### Work to complete
Tally every line below where "Edition" appears, then report the total alone.

### Provided records
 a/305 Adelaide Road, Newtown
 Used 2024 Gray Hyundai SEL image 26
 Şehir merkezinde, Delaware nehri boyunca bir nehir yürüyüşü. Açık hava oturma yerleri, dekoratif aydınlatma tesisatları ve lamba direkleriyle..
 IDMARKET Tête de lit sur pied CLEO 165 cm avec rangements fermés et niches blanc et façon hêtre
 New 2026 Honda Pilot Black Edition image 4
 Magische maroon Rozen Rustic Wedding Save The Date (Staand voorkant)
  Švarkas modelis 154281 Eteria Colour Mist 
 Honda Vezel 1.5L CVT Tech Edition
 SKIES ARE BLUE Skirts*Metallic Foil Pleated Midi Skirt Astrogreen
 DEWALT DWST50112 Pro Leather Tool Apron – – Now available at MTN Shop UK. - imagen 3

### Solution to this problem
2